Двери залы распахнулись, и гулко стуча по мозаичному полу, к трону быстрыми шагами приблизился Амори де Монфор. Его бархатный красный камзол был расшит вставшими на дыбы львами. Рухнув на колени, он коснулся губами мыска сапога короля.
— Встаньте, доблестный Амори, — довольно холодно промолвил король, возложив свои ладони на простертые к нему руки отпрыска де Монфоров.
— Ваше величество, — отчетливо произнес последний, так и не подняв головы, — перед лицом собравшихся здесь пэров Франции и предводителей духовенства с этого часа и до самой своей смерти я ваш человек.
Бешено бившееся сердце, казалось, вот-вот выскочит из его груди. Подоспевший к нему взмокший под тяжестью парадной аббатской ризы Сито уже держал наготове оправленное в золотой оклад Евангелие.
— Встаньте, благородный Амори, — повторил Филипп Август, — и на святом писании поклянитесь до конца дней своих служить мне верой и правдой.
Амори де Монфор поднялся с колен и, положив руку на Евангелие, поклялся свято исполнять свои вассальные обязанности перед королем.
Внимательно выслушав его, Филипп Август как бы нехотя сошел с трона и приблизился к Амори, поцеловал его при всех в щеку. Припав на одно колено, наследник рода Лямори, послушно протянул государю открытую ладонь. Не промолвив ни слова, король вложил в нее дорогую, шитую жемчугом замшевую перчатку. Затем, резко повернувшись, он вновь занял свое место на троне.
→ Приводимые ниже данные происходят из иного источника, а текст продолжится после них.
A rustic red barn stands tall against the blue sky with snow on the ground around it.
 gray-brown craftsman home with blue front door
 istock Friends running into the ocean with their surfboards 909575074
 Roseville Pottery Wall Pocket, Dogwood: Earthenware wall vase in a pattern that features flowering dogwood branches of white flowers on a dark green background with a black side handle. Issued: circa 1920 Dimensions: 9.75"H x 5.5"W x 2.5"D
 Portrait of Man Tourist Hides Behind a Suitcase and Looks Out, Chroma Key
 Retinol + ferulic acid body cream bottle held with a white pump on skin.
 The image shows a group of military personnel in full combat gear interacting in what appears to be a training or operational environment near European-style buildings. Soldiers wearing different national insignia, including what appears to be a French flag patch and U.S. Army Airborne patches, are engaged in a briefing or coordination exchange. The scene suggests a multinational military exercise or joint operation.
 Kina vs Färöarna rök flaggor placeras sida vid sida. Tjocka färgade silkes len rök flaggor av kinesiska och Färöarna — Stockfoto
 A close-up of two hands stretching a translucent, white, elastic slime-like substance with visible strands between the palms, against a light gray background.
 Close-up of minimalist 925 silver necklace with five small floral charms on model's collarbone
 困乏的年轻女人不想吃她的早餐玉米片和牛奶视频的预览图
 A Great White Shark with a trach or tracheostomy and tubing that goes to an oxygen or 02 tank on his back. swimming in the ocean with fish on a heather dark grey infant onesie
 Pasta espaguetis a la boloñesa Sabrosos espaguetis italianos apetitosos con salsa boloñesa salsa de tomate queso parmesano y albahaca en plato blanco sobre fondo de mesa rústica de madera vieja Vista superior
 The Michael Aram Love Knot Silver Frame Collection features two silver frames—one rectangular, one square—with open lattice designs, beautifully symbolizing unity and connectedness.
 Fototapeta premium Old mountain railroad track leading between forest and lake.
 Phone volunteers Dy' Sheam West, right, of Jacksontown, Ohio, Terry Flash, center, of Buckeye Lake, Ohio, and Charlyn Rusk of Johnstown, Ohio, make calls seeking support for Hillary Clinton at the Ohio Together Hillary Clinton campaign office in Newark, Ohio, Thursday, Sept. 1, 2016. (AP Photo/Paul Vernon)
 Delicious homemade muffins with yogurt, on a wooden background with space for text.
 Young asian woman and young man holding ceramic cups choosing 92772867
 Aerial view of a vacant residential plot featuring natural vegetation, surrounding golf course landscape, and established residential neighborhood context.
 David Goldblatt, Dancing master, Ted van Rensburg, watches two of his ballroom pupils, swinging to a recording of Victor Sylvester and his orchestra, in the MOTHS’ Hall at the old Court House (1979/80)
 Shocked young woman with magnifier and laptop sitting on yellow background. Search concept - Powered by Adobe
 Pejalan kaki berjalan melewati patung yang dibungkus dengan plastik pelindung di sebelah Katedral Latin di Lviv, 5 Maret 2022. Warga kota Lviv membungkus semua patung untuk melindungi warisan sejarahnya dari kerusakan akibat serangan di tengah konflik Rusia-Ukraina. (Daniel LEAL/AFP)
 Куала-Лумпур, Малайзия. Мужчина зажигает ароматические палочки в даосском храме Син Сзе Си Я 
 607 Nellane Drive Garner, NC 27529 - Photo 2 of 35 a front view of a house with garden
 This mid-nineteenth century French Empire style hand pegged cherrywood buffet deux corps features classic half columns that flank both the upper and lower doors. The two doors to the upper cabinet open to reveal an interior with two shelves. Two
Амори встал, бережно прижимая к груди королевский дар.
— Отныне вы — вассал короля, — возвестил Сито, поднимая над его головой ослепительно сверкающее Евангелие. — А его величество — ваш верный сюзерен.
После чего стал перечислять де Монфору все его новые обязанности. Не дослушав весьма пространный перечень, король нетерпеливо махнул рукой.
— С этого дня вы будете пребывать при моем дворе, барон Лямори. Мы рады, что вы поступили благородно, передав нам все владения и титулы, доставшиеся вам от отца после похода на Юг. — Король смерил Амори испытующим взглядом. — Но распоряжаться судьбой целых стран — это удел помазанников божьих, а отнюдь не простых смертных, — он резко повысил тон, — пусть даже они такие герои, каким был ваш отец. А теперь ступайте. С завтрашнего дня мы желаем ежедневно видеть вас при дворе.
Когда Амори покинул зал, король, улыбнувшись, обратился к окружавшей его свите.
— Для вторжения на юг нам нужен был повод. Я не могу допустить, чтобы на переданных мне в вечную собственность владениях хозяйничали еретики, предатели и изменники. Пора собирать большое войско, господа. Нас ждет очередная война. И цель ее — окончательное объединение нашей дотоле разобщенной державы. А теперь, — он выдержал паузу, — я приглашаю вас всех в трапезные покои на пир в честь сегодняшнего знаменательного события.
— Да здравствует король! — хором ответили собравшиеся в зале.
Окрыленный Амори летел по гулким коридорам душного каменного дворца, торопясь поскорее глотнуть холодного апрельского воздуха. Никогда прежде он еще не испытывал такого облегчения. Тяжелое бремя власти вместе с сопутствующей ей ответственностью сегодня упало с его плеч.
* * *— Отче, а кто такие катары? — обратился восьмилетний Доминик к зажигавшему лампаду Бернару.
Потрескивающий язычок голубоватого пламени высветил в полумраке часовни висевшее на стене бронзовое распятие. С озабоченным видом священник воззрился на черноволосого скромного отрока, молитвенно сложившего руки на груди. В широко раскрытых зеленых глазах мальчика сквозило неподдельное любопытство.